This statement is being made by Simonds Farsons Cisk plc (SFC) pursuant to Listing Rules 5.94 and 5.97 issued by the Listing Authority of the Malta Financial Services Authority and sets out the measures taken to ensure compliance with the Code of Principles of Good Corporate Governance (the Code) contained in Appendix 5.1 to Chapter 5 of the said rules. In terms of Listing Rule 5.94, SFC is obliged to prepare a report explaining how it has complied with the Code. For the purposes of the Listing Rules, SFC is hereby reporting on the extent of its adoption of the Code.

SFC acknowledges that the Code does not prescribe mandatory rules but recommends principles so as to provide proper incentives for the Board of Directors (the board) and SFC’s management to pursue objectives that are in the interests of the company and its shareholders. Since its establishment in 1948 as a public limited liability company, SFC has always adhered to generally accepted standards of good corporate governance encompassing the requirements for transparency, proper accountability and the fair treatment of shareholders. The Board of Directors has therefore endorsed the Code of Principles and adopted it.

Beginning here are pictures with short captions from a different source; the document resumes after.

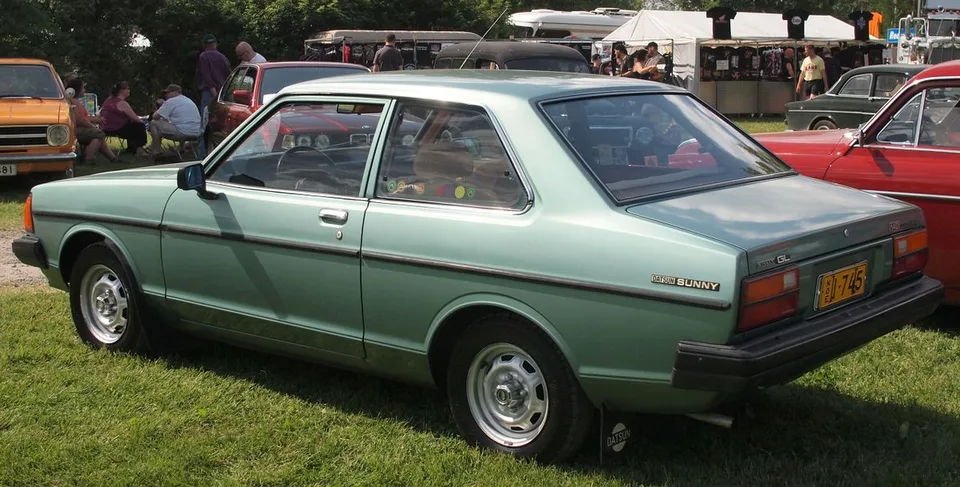 Nissan Sunny, generation photo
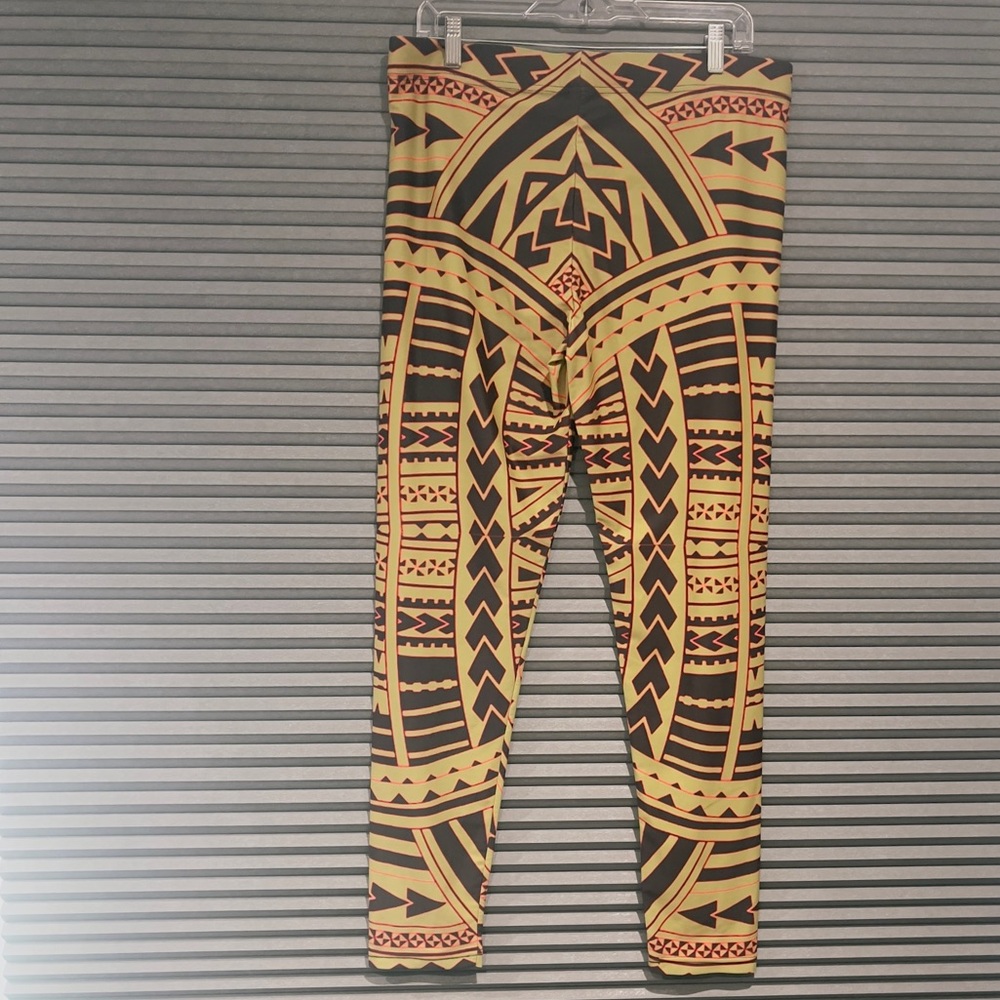 Polynesian Tattoo Leggings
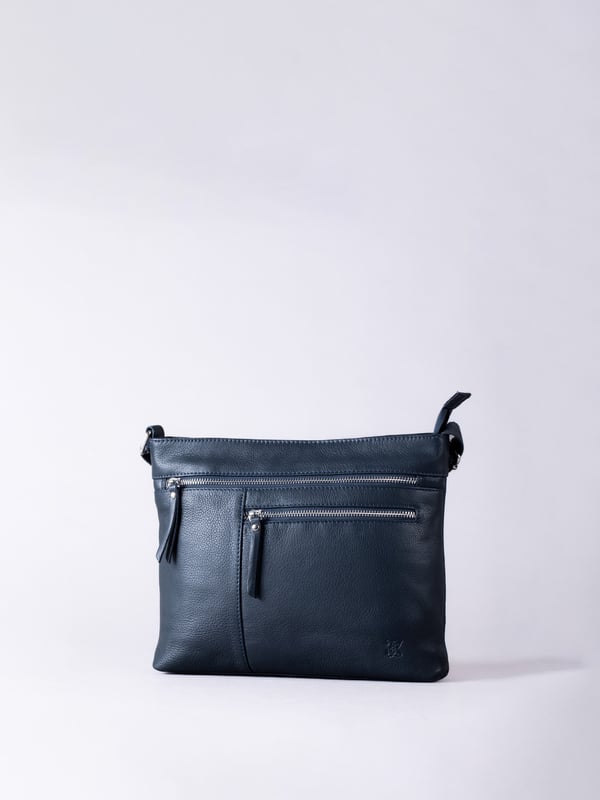 Expertly crafted from premium leather, the Winleigh cross body bag is as practical as it is stylish. Dual front zip pockets elevate this structured silhouette, whilst the adjustable cross body strap allows for versatile and comfortable wear. With plenty of room inside, this classic black bag is ideal for every day. Measurements: 28x24x8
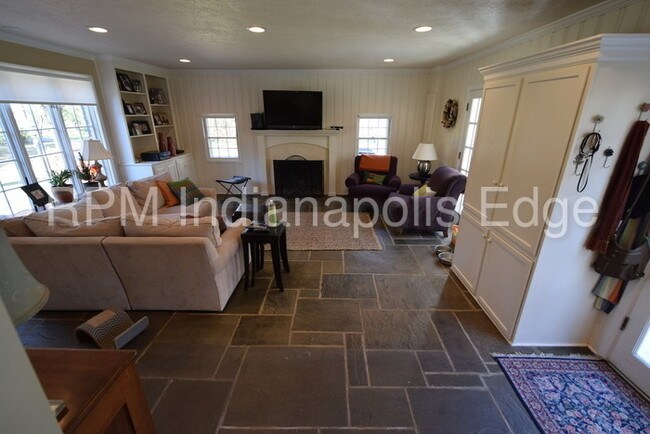 Foto del edificio - 7101 Dean Rd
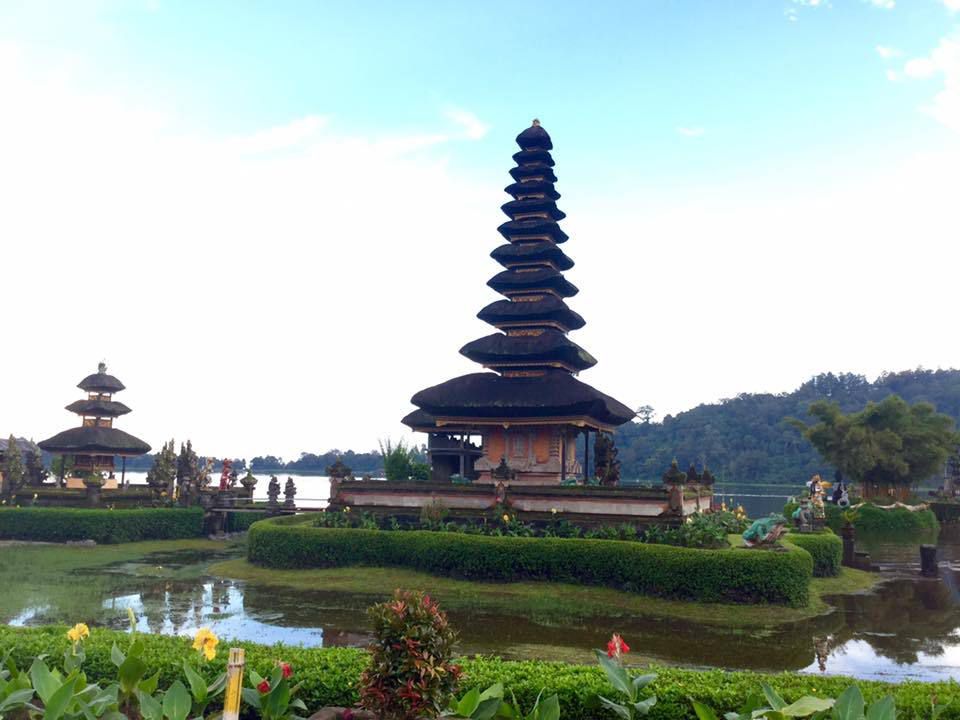  Magnifique temple dédié à la déesse des eaux Dewi Tanu, il flotte au milieu du lac Bratan. 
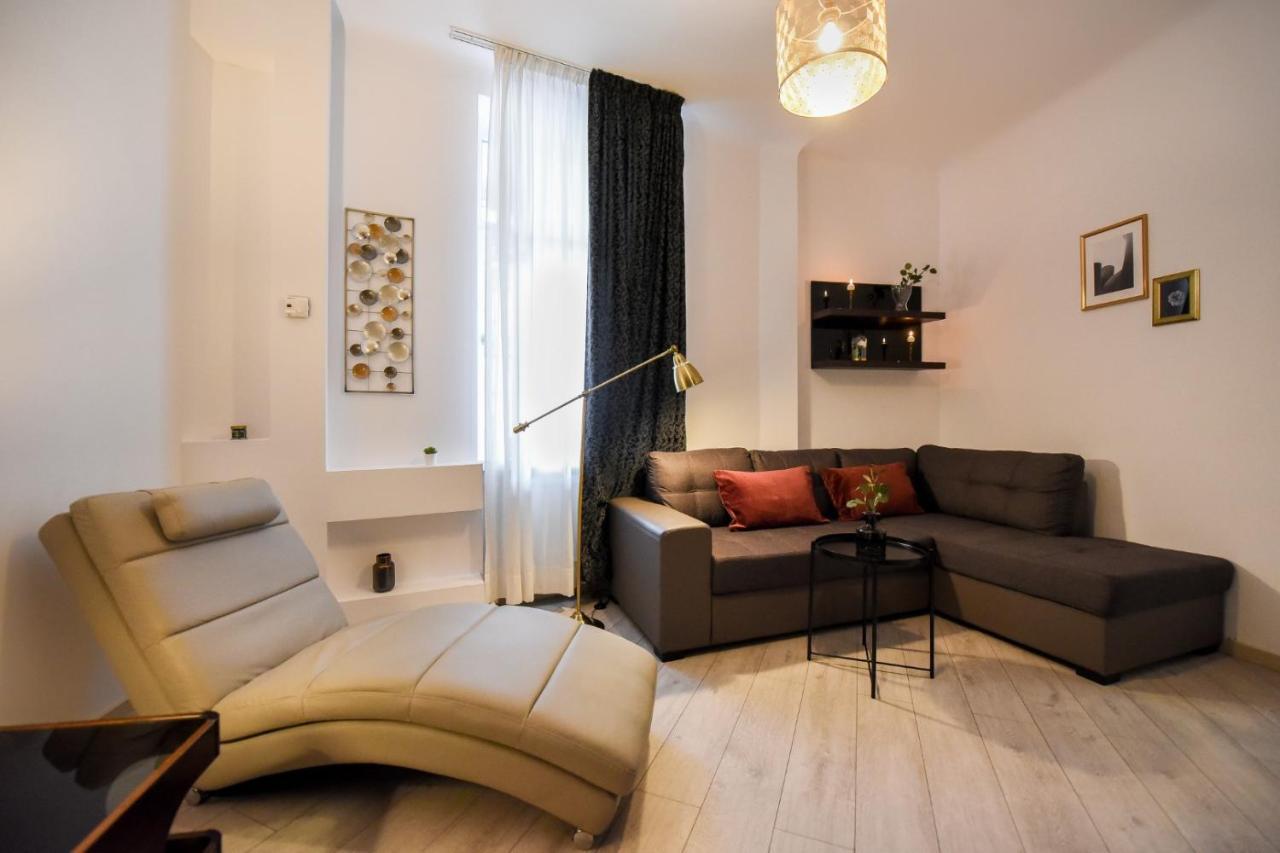 Apartament Amazing Location & Elegant Apt - Old Town Bukareszt Zewnętrze zdjęcie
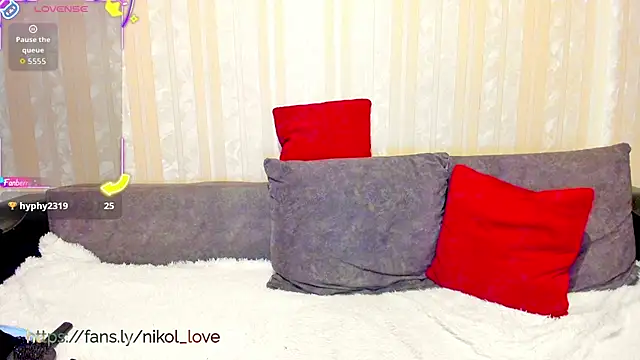 Sweet pussynikol online show from October 4, 5:38 am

As demonstrated by the information set out in this statement, together with the information contained in the Remuneration report, SFC believes that it has, save as indicated in the section entitled Non-compliance with the Code, throughout the accounting period under review, applied the principles and complied with the provisions of the Code. In the Non-compliance section, the board indicates and explains the instances where it has departed from or where it has not applied the Code, as allowed by the Code.